Let's Think in Two Steps: Mitigating Agreement Bias in MLLMs with Self-Grounded Verification
Abstract
Verifiers—functions assigning rewards to agent behavior—have been key for AI progress in domains such as math, code and games. However, extending these gains to domains without clear-cut success criteria (e.g., computer use) remains a challenge: while humans can recognize suitable outcomes, translating this intuition into scalable rules is nontrivial. Multimodal Large Language Models (MLLMs) emerge as a promising solution, given their world knowledge, human-preference alignment, and reasoning skills. We evaluate MLLMs as verifiers of agent trajectories across web navigation, computer use, and robotic manipulation, and identify a critical limitation: a strong tendency to over-validate agent behavior, a phenomenon we call agreement bias. We show that agreement bias is pervasive across models, resilient to test-time scaling, and can impact existing methods relying on MLLMs as evaluators. We discuss metrics to measure and strategies to mitigate this bias, and introduce Self-Grounded Verification (SGV), a lightweight method that harnesses MLLMs’ own sampling mechanisms by modulating (un)conditional generation to better leverage their knowledge, alignment, and reasoning. SGV operates in two steps: first, the MLLM is elicited to generate broad priors about desired behavior, independent of the data under evaluation. Then, conditioned on self-generated priors, it reasons over and evaluates a candidate trajectory. SGV improves verification across models, metrics, and benchmarks, leading to more human-aligned responses, with gains of up to 25 pp in failure identification, 14 pp in accuracy, and benefits extending to downstream applications.
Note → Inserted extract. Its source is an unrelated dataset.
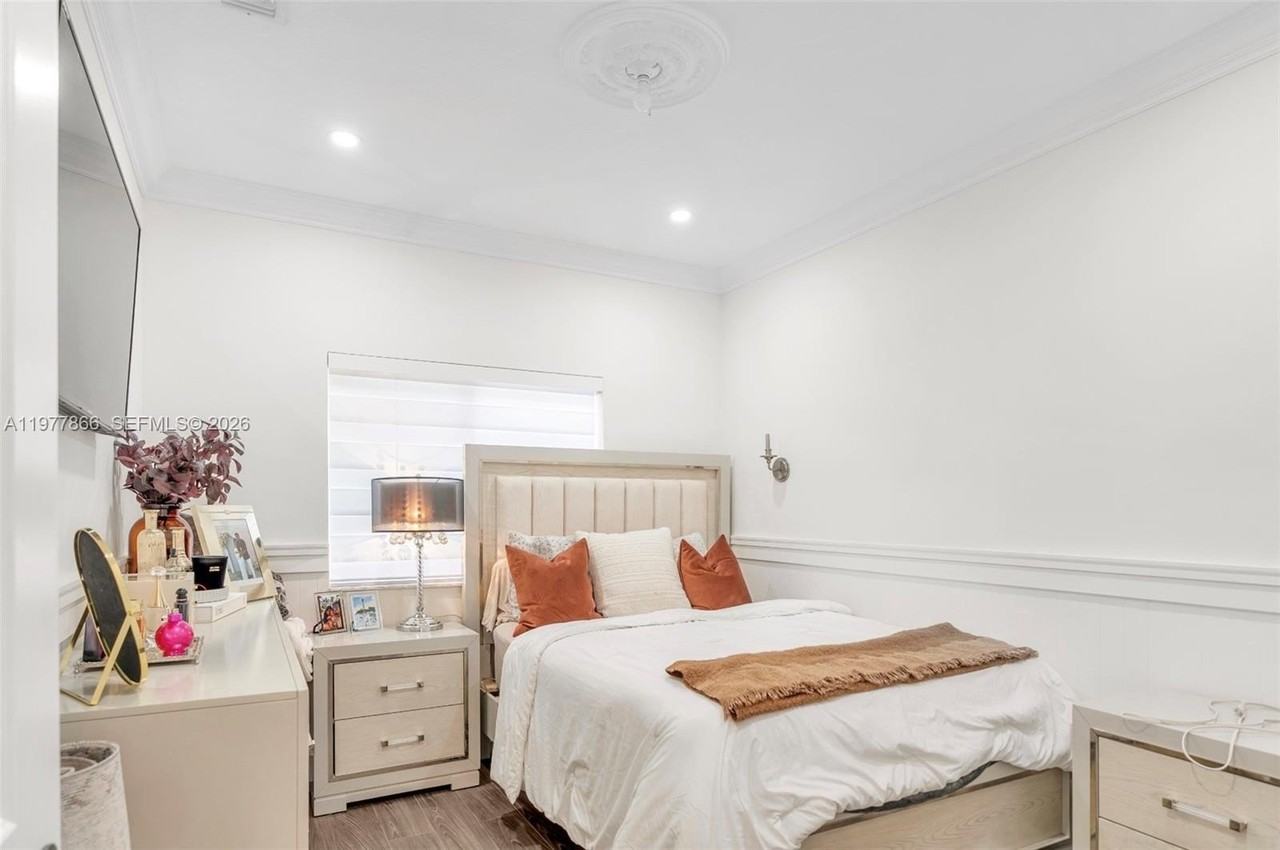 14486 Sw 158th Pl - Photo 7 of 17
In self-refinement and online supervision, SGV boosts task completion of a GUI specialist in OSWorld, a diffusion policy in robomimic, and a ReAct agent in VisualWebArena--setting a new state of the art, surpassing the previous best by 20pp. Finally, we release an updated version of (Visual)WebArena featuring more human-aligned evaluators, environment parallelization with improved execution fidelity, and runtime speedups of over 10x.